Alex Strick van Linschoten - Starting to read Prompt Engineering for LLMs

I’m posting some of my summary notes while reading through John Berryman and Albert Ziegler’s “Prompt Engineering for LLMs”. What follows are my notes from the first two chapters. It was a bit too long for a post to LinkedIn so I’m posting my notes in full here.

Chapter 1: Introduction to Prompt Engineering

The opening chapter frames prompt engineering as a comprehensive discipline that extends far beyond just crafting individual prompts. It positions prompt engineering as an integral part of the entire lifecycle of LLM-based applications.

Key Points

The field of language modeling has seen exponential growth, as evidenced by the GPT series progression from 2018 to 2022:
- GPT-1 (2018): 117M parameters
- GPT-2 (2019): 1.5B parameters
- GPT-3 (2020): 175B parameters
- Subsequent models showing continued scaling
Prompt engineering encompasses:
- The structural design of prompts themselves
- Strategic thinking about prompt implementation throughout the application lifecycle
- Integration of prompts into larger systems and workflows
Historical Context:
- The chapter provides background on language modeling evolution
- Places modern LLMs in the broader context of NLP development

This introductory framework suggests that effective prompt engineering requires both technical skill in prompt construction and strategic understanding of how prompts function within larger systems and applications.

Chapter 2: Understanding LLMs

Chapter two tries to peel back the layers of how LLMs produce their output. If you can understand how they work (at least a bit more than ‘it’s magic’), you can better guide them to produce outputs that are valuable for you.

A very hard chapter to write, I imagine. It is almost certainly a bit too technical for someone ‘non-technical’, but a more experienced user might find some of the analogies too simplistic. I thought the balance was well handled but I probably wouldn’t recommend this to just anyone..

Some key insights: expect LLMs to respond in a similar way to the training data that went into creating them. (Unfortunately, many model providers are pretty tight-lipped as to the specific composition of that training data, though you can make some guesses…)

“The better you know the training data, the better the intuition you can form about the likely output of an LLM trained on that training data.”

We then get into a section on tokenization and what that means for how LLMs ‘see’ the world and why this results in certain weaknesses.
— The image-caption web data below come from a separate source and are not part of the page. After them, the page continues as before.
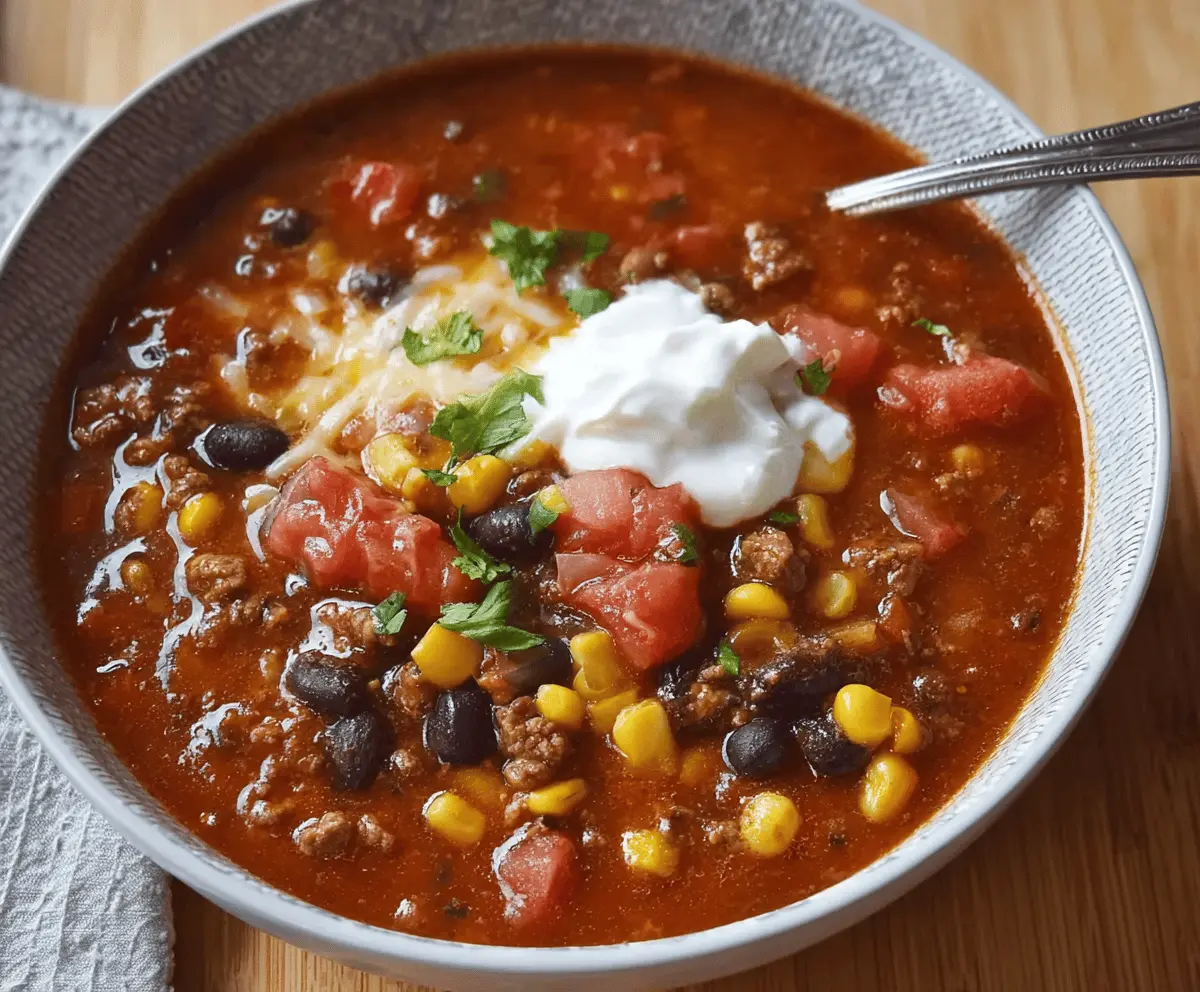 Ranch Taco Soup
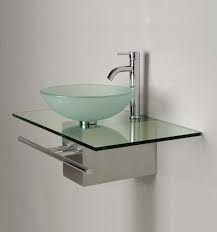 glass bowl sink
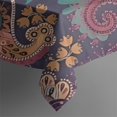 thumbnail image 5 of Multicolor Paisley Pattern Square Tablecloth,Waterproof Square Table Cover,Wipeable Spillproof Washable Table Cover for Home Kitchen Party Decor 42"X42"(107x107cm), 5 of 6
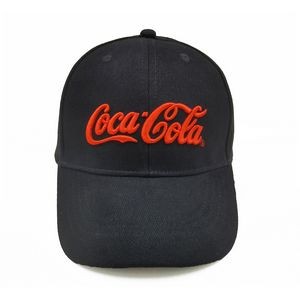 Cotton Cap with 3D Embroidery Logo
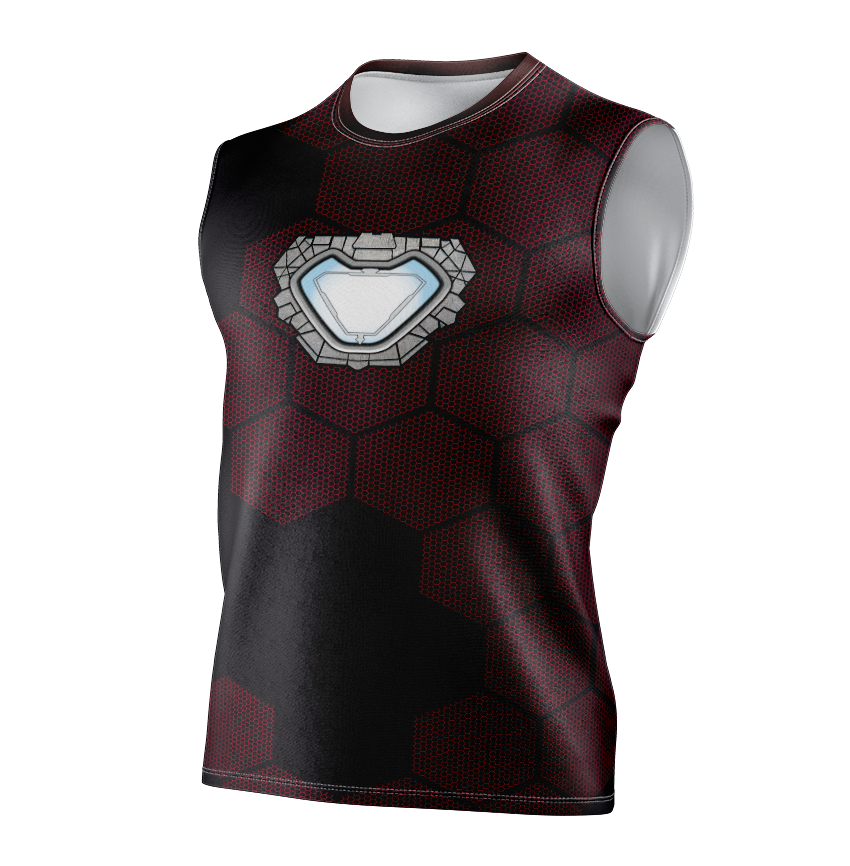 Tony Stark Iron Man Dry Fit T-Shirt - Short Sleeve Cosplay Tee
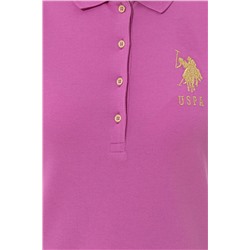 Kadın Menekşe Basic Polo Yaka Tişört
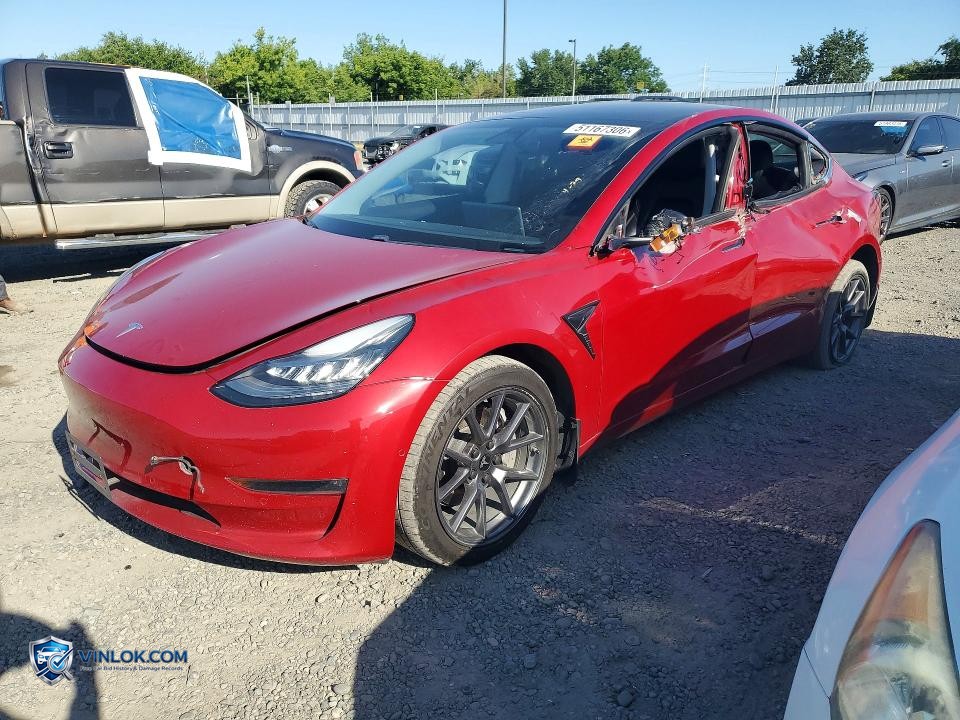 2019 TESLA MODEL 3 – Lot 51167306 auction photo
Most importantly, just remember that LLMs don’t process and interact with text in the same way that humans do. Easy to forget when you’re interacting through a chat interface, but important nonetheless.

I liked this example about capitalization and how tokenization made it hard for the earlier generations of models to do something as ‘simple’ as turning words into upper-case versions.

Even though this isn’t a problem with more recent models, it reminds you to be cognisant of how much extra work you’re having your model do. The more you can remove extra work, the better responses you’ll get. If you try to have your model do too many things at the same time, you’ll have poorer results.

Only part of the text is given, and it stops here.